━━━━━ DATA SHOWN
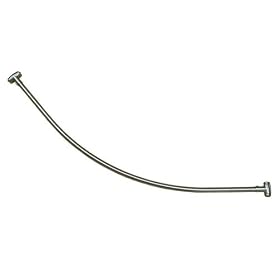 Plumbest S02-190 Contour-Curved Shower Curtain Rod for 60-Inch Tubs, Chrome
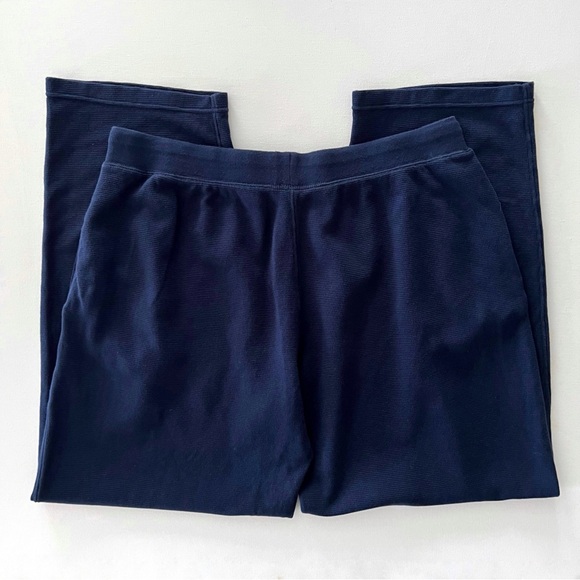 Polo Ralph Lauren Waffle Knit Pajama Lounge Pants Navy Size XL - Picture 8 of 10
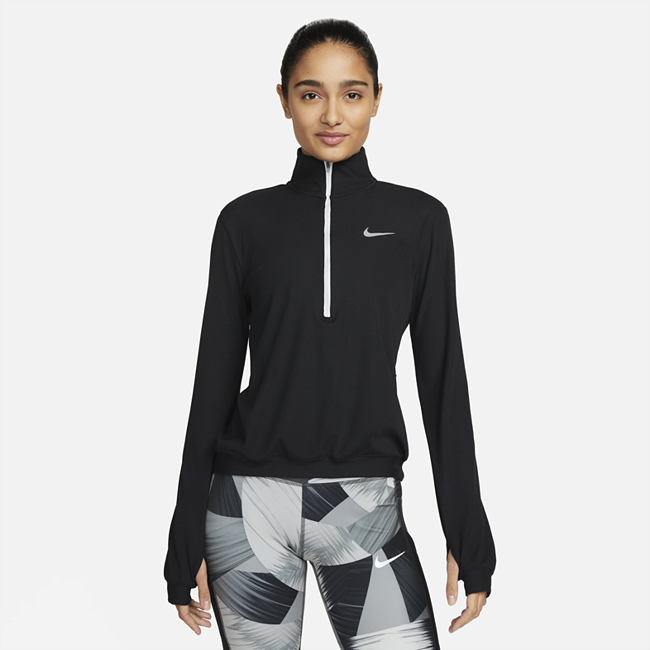Nike Dri-FIT løpemellomlag til dame - Black
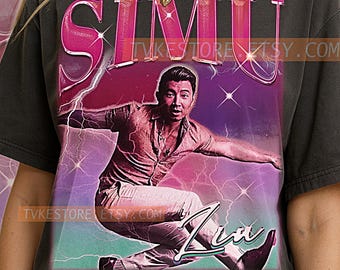 SIMU LIU T-Shirt, Vintage Actor Star Superhero Performer Tee, 90s Retro Throwback, Simu Liu Sweater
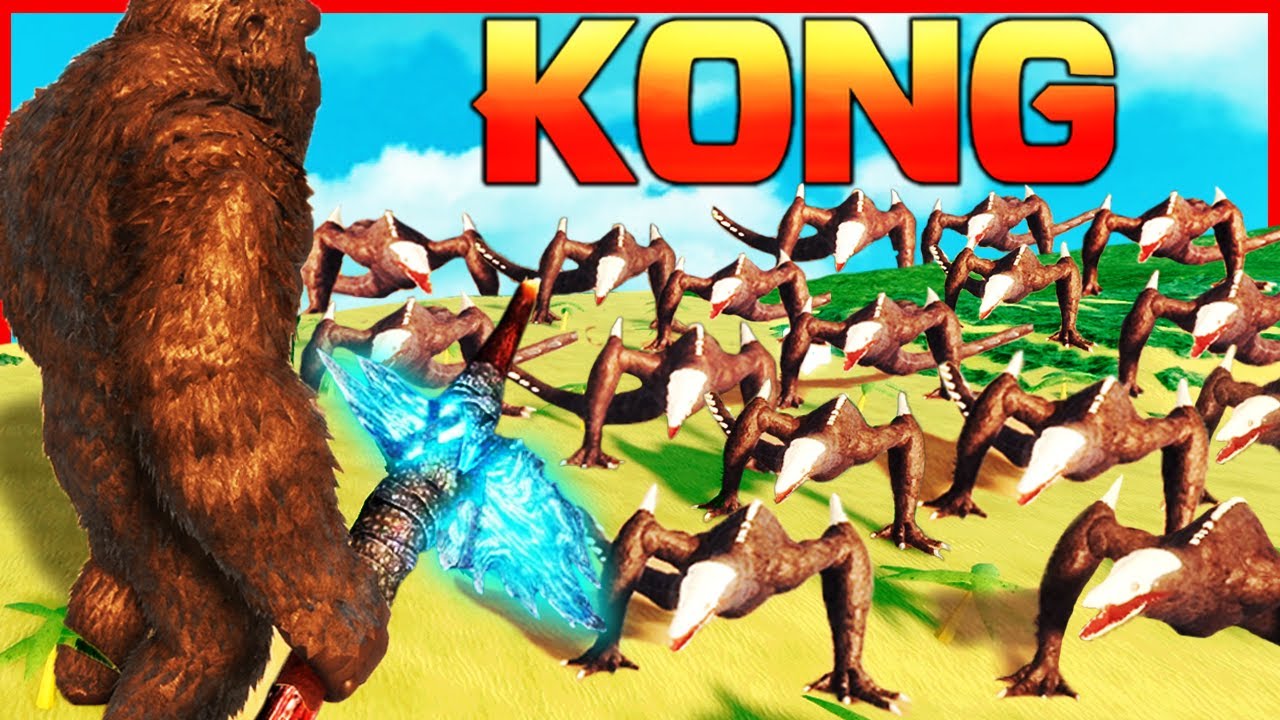 ROBLOX KONG vs SKULL CRAWLER INVASION EVENT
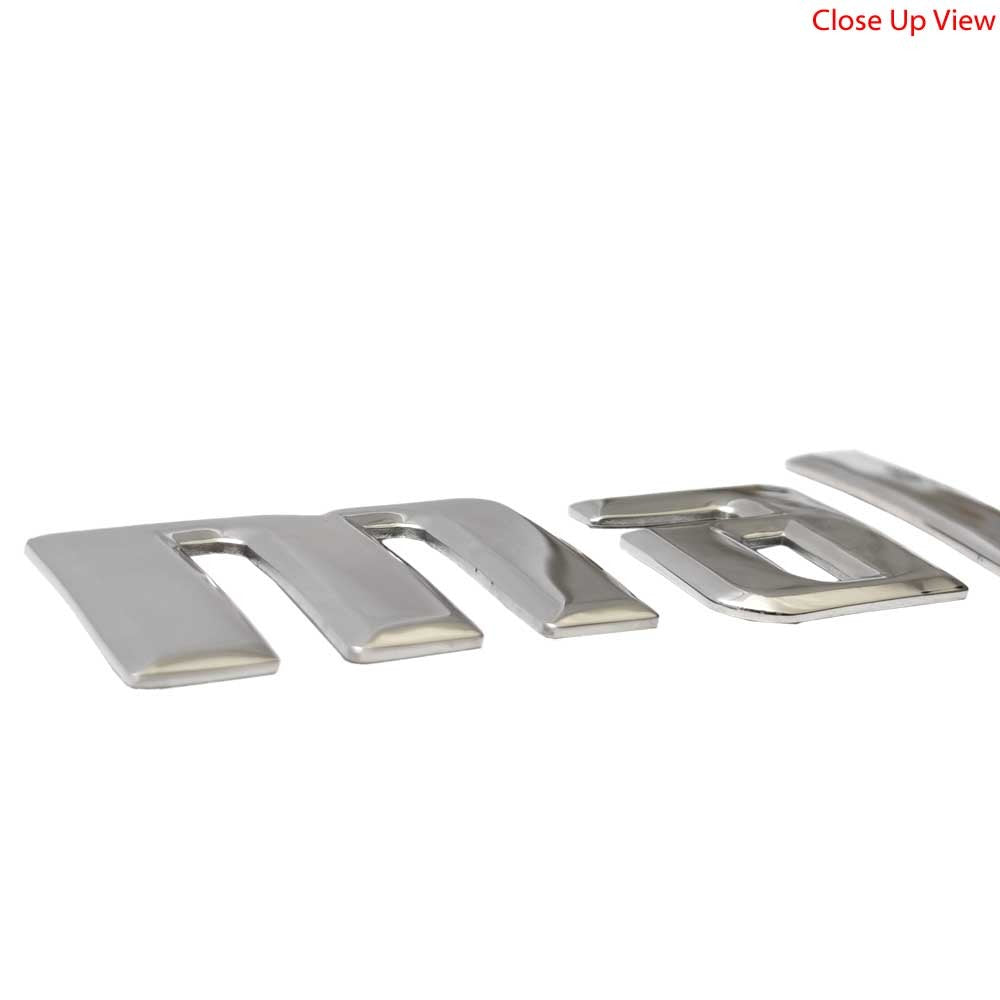 Stainless Steel 22 3/4 Inch Raised Decal Z501085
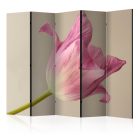 Paraván egyoldalú fotónyomtatással - Pink tulip II [Room Dividers] - ajandekpont.hu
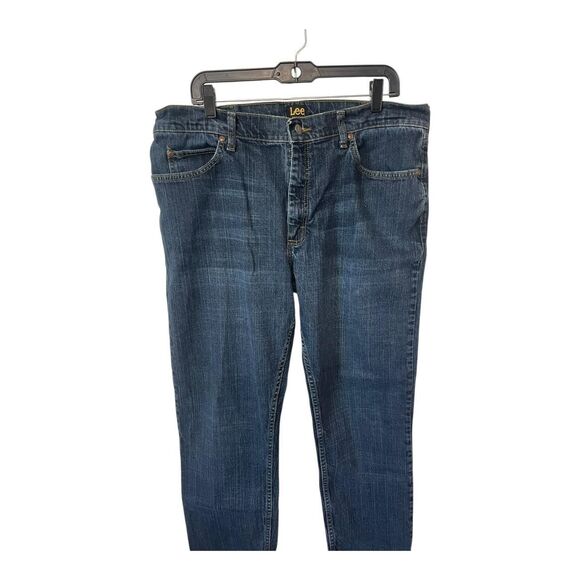 Lee Men's Blue and Navy Jeans - Picture 2 of 6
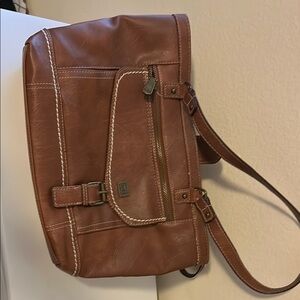 Brown Leather Shoulder Bag
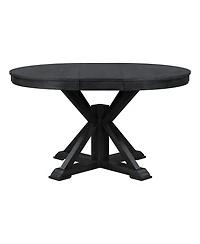 Streamdale Retro Extendable Oak Dining Table with 12" Leaf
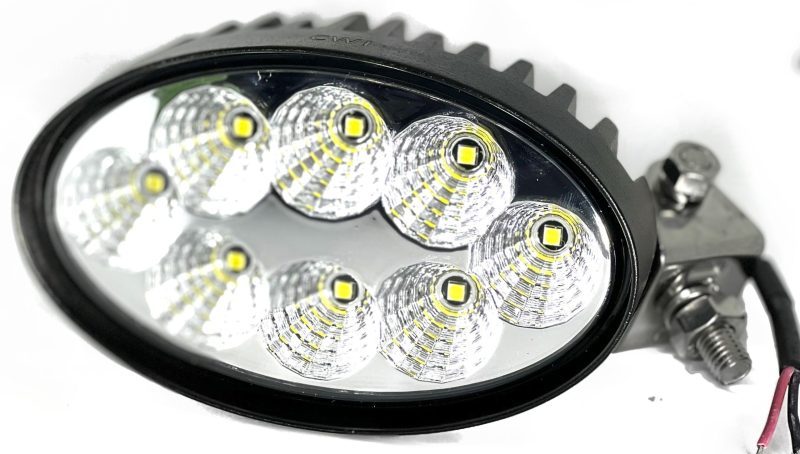 40 Watt Oval LED Rear Swivel Mount Flood Light, code; led8x5fl07 | CW ...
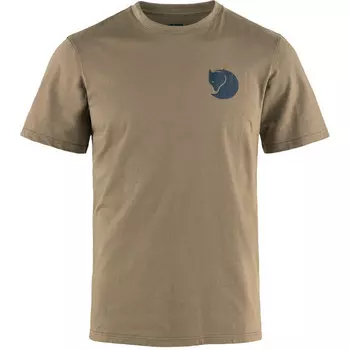 Мужская футболка Walk With Nature Fjallraven, коричневый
━━━━━━━━━━
- **YOUR INSTRUCTIONS**
Send back every line of the listing exactly. Omit the images.

- **EXERCISE ANSWER**
 Plumbest S02-190 Contour-Curved Shower Curtain Rod for 60-Inch Tubs, Chrome
 Polo Ralph Lauren Waffle Knit Pajama Lounge Pants Navy Size XL - Picture 8 of 10
Nike Dri-FIT løpemellomlag til dame - Black
 SIMU LIU T-Shirt, Vintage Actor Star Superhero Performer Tee, 90s Retro Throwback, Simu Liu Sweater
 ROBLOX KONG vs SKULL CRAWLER INVASION EVENT
 Stainless Steel 22 3/4 Inch Raised Decal Z501085
 Paraván egyoldalú fotónyomtatással - Pink tulip II [Room Dividers] - ajandekpont.hu
 Lee Men's Blue and Navy Jeans - Picture 2 of 6
 Brown Leather Shoulder Bag
 Streamdale Retro Extendable Oak Dining Table with 12" Leaf
 40 Watt Oval LED Rear Swivel Mount Flood Light, code; led8x5fl07 | CW ...
 Мужская футболка Walk With Nature Fjallraven, коричневый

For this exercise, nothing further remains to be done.